Model load/unload status.
GPU utilization.
GPU memory.

Senior interpretation:

High queue + low GPU = scheduling/batching/concurrency problem.
Low queue + high compute = model/GPU execution problem.
High CPU + low GPU = preprocessing/serialization bottleneck.
GPU memory near limit = batch/instance/KV/cache risk.

perf_analyzer Strategy

Use perf_analyzer to test:

Concurrency sweeps.
Batch size behavior.
p50/p95/p99 latency.
Request payload realism.
HTTP vs gRPC overhead.
Streaming or sequence behavior if relevant.

Do not benchmark only with tiny synthetic payloads.

Senior caveat:

A benchmark that does not match request shape and client deadline is a story about the benchmark, not production.

Model Analyzer Strategy

Model Analyzer helps explore:

Instance count.
Batch size.
Dynamic batching.
GPU memory tradeoffs.
Throughput/latency Pareto frontier.

Use it to build a deployment recommendation, then validate in staging/canary with production-like traffic.

Performance Tuning Levers

Lever	Helps	Can hurt
Dynamic batching	Throughput, GPU utilization.	p99, fairness.
Instance count	Concurrency.	Memory, contention.
TensorRT engine	GPU efficiency.	Build complexity, shape rigidity.
Precision FP16/INT8	Throughput/memory.	Accuracy, calibration.
CPU thread pools	Pre/post speed.	CPU contention.
gRPC	Efficient binary protocol.	Client/proxy complexity.
Shared memory	Lower copy overhead.	Operational complexity.
Separate deployments	Isolation by SLO.	More capacity overhead.

TensorRT Tuning

TensorRT can improve latency/throughput but introduces:

Engine build time.
Hardware/driver/runtime compatibility.
Precision and calibration choices.
Static/dynamic shape profiles.
Rebuild requirements for some changes.

Interview answer:

TensorRT is a strong production path when shapes and precision are understood. I would version engine build metadata with the model artifact so rollback and compatibility are clear.

Shape Profiles

Variable shapes are a production issue:

Too narrow profiles reject valid traffic.
Too wide profiles can reduce optimization quality.
Rare huge requests can dominate p99 and memory.

Mitigation:

Request shape telemetry.
Cost classes.
Admission limits.
Separate deployments for large requests.
Explicit shape profiles.

Performance Debug Playbooks

p99 High, Throughput Fine

Check:

Queue delay.
Batch wait.
Tenant mix.
Long-tail request shapes.
Retries.
Noisy co-located models.
CPU/GPU memory pressure.

flowchart TD
  Alert[p99 high] --> Errors{Errors or retries rising}
  Errors -- yes --> Transport[Check gateway, client deadlines, overload]
  Errors -- no --> Queue{Triton queue time high}
  Queue -- yes --> Batching[Batching, admission, instance count]
  Queue -- no --> Compute{GPU busy high}
  Compute -- yes --> Saturation[Scale, optimize engine, reduce batch]
  Compute -- no --> CPU[CPU preprocess, tokenizer, serialization, network]
  CPU --> Trace[Use traces or span timing]

GPU Low, Latency High

Check:

CPU preprocessing.
Client/gateway bottleneck.
Serialization.
Model repository/artifact IO.
Single-threaded Python backend.
Dependency calls in Python backend.

GPU High, Errors High

Check:

Memory OOM.
Timeout threshold.
Thermal/power throttling.
ECC/Xid.
Batch too large.
Instance count too high.

Canary Gates

Before production expansion:

p99 below threshold.
Error rate below threshold.
Queue time stable.
GPU memory headroom.
No Xid/ECC anomaly.
Correctness samples pass.
No retry storm.
Rollback tested.

Senior Answer To “How Would You Tune Triton?”

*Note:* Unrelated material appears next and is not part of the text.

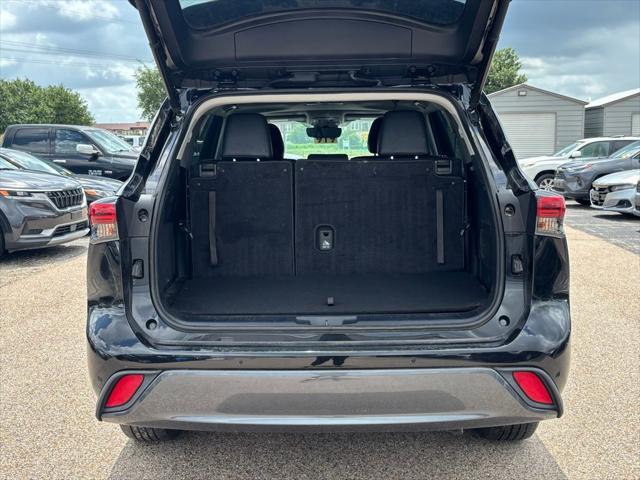 used 2020 Toyota Highlander car, priced at $33,727
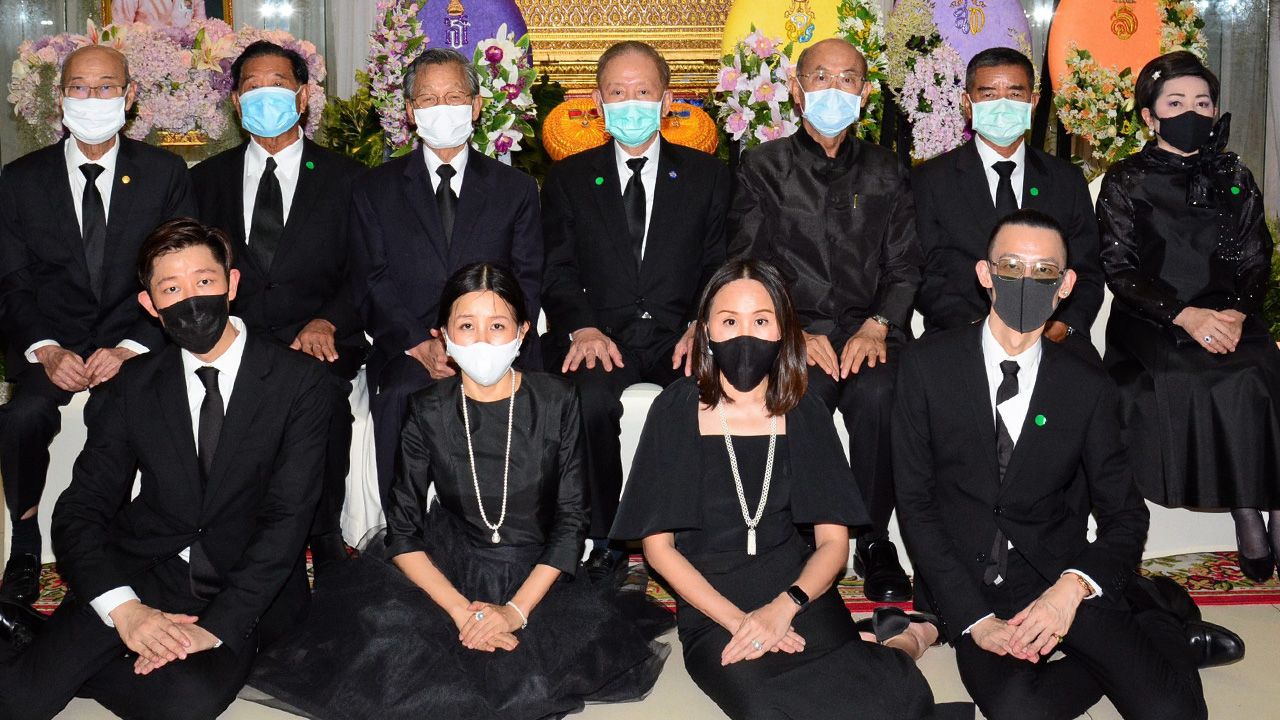 ปลายทางชีวิต ศ.นพ.เกษม วัฒนชัย เป็นประธานในพิธีสวดพระอภิธรรมศพ ยุพิน เลาหพงศ์ชนะ ภรรยา วิบูลย์ เลาหพงศ์ชนะ โดยมี ชวน หลีกภัย, พล.อ.เฉลิมชัย สิทธิสาท, ประจักษ์ ตั้งคารวคุณ และ จิตติ ตั้งสิทธิ์ภักดี มาร่วมในพิธีด้วย ที่วัดธาตุทอง ค่ำวันก่อน.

I would first define the SLO and workload class. Then I would establish a baseline with realistic payloads, sweep concurrency/batching/instance count using perf_analyzer and Model Analyzer, validate GPU and request metrics, pick a Pareto point, and canary it under real traffic. I would optimize for goodput and p99, not just peak throughput.